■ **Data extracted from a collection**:
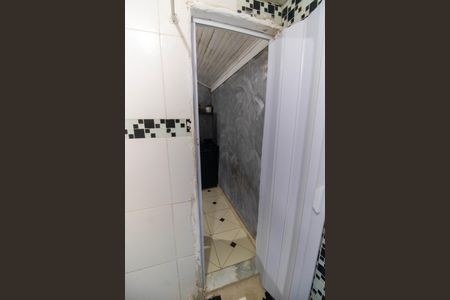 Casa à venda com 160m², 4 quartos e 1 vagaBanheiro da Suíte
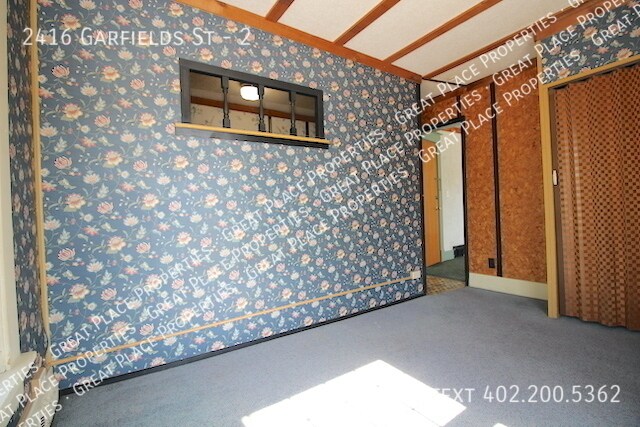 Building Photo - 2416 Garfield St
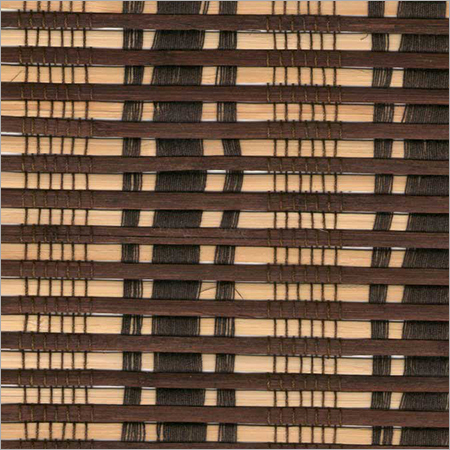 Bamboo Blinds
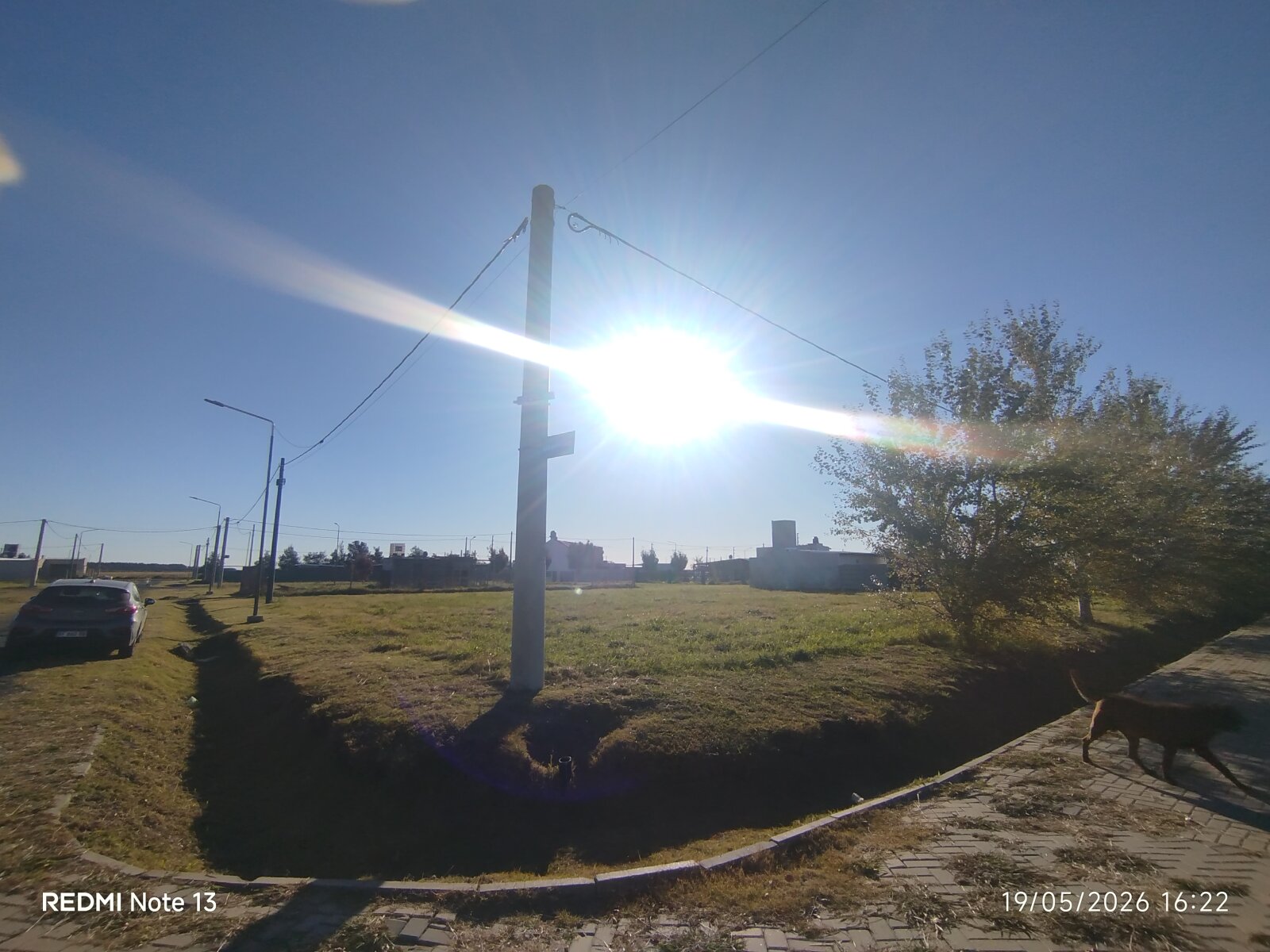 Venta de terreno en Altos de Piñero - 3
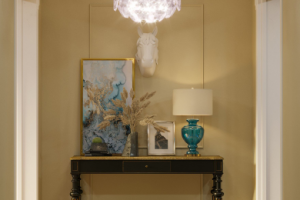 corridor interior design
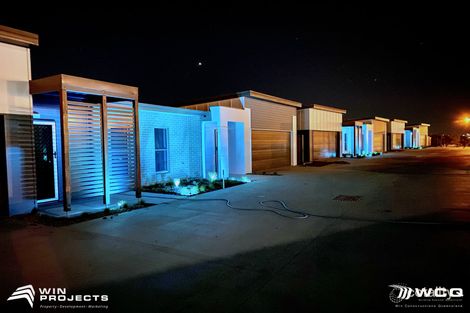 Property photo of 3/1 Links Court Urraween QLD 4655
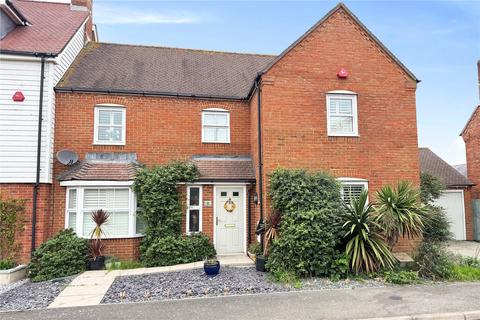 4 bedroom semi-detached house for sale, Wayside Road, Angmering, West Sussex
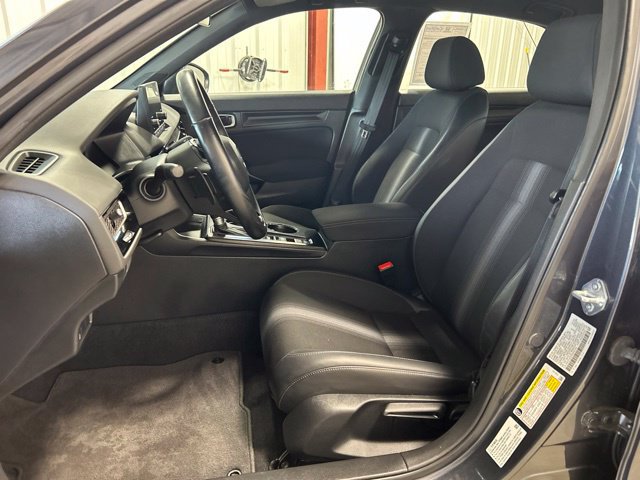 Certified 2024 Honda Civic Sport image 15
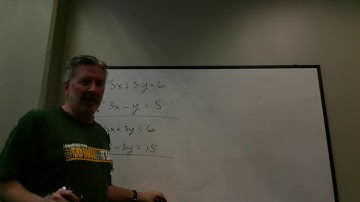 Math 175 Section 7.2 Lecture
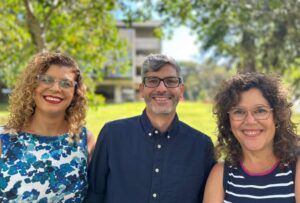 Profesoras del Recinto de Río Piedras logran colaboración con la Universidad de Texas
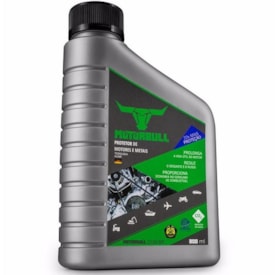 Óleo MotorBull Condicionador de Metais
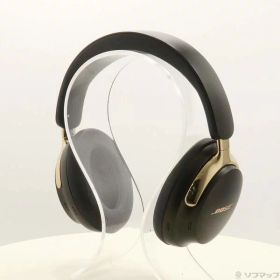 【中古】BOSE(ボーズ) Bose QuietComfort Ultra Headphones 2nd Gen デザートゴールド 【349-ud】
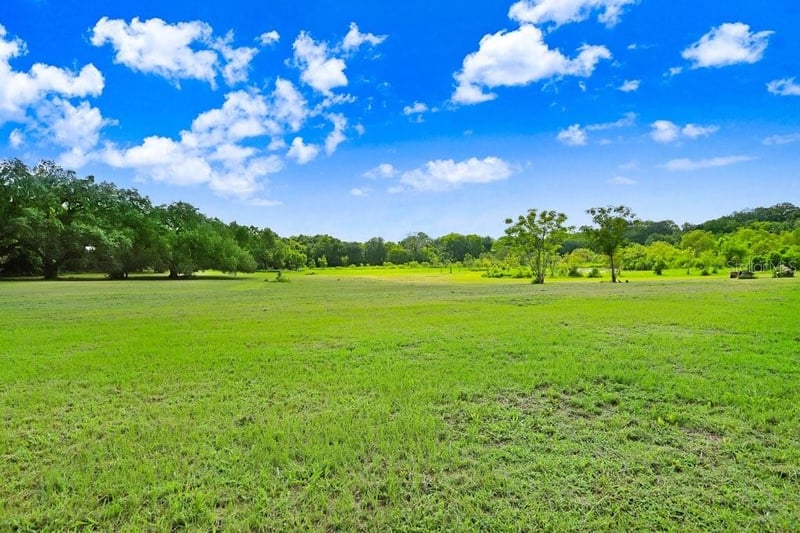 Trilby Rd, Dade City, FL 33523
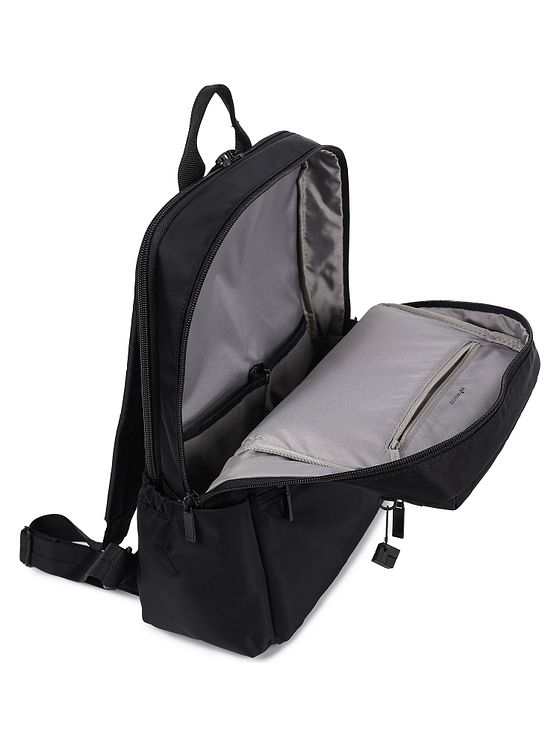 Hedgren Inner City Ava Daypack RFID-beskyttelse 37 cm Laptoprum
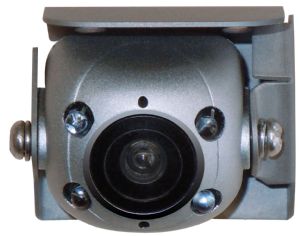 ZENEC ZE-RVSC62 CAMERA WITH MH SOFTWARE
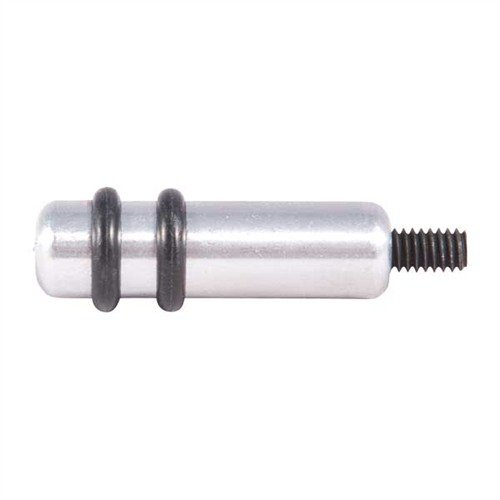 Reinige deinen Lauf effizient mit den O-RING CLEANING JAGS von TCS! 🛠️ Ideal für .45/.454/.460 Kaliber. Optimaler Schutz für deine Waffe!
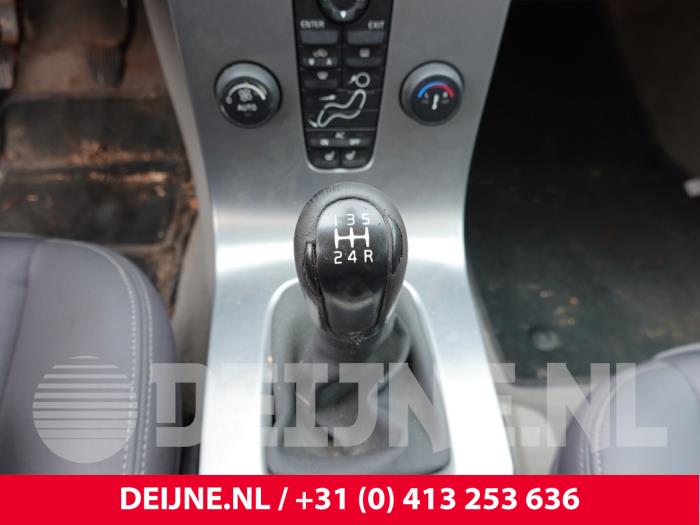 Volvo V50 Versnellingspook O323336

■ **WHAT YOU ARE ASKED TO DO**: Your reply should consist solely of the lines above from the line containing "Bamboo Blinds" up to and including the line containing "Hedgren Inner City", reproduced exactly, minus the pictures.

■ **SOLVED EXERCISE**:
 Bamboo Blinds
 Venta de terreno en Altos de Piñero - 3
 corridor interior design
 Property photo of 3/1 Links Court Urraween QLD 4655
 4 bedroom semi-detached house for sale, Wayside Road, Angmering, West Sussex
 Certified 2024 Honda Civic Sport image 15
 Math 175 Section 7.2 Lecture
 Profesoras del Recinto de Río Piedras logran colaboración con la Universidad de Texas
 Óleo MotorBull Condicionador de Metais
 【中古】BOSE(ボーズ) Bose QuietComfort Ultra Headphones 2nd Gen デザートゴールド 【349-ud】
 Trilby Rd, Dade City, FL 33523
 Hedgren Inner City Ava Daypack RFID-beskyttelse 37 cm Laptoprum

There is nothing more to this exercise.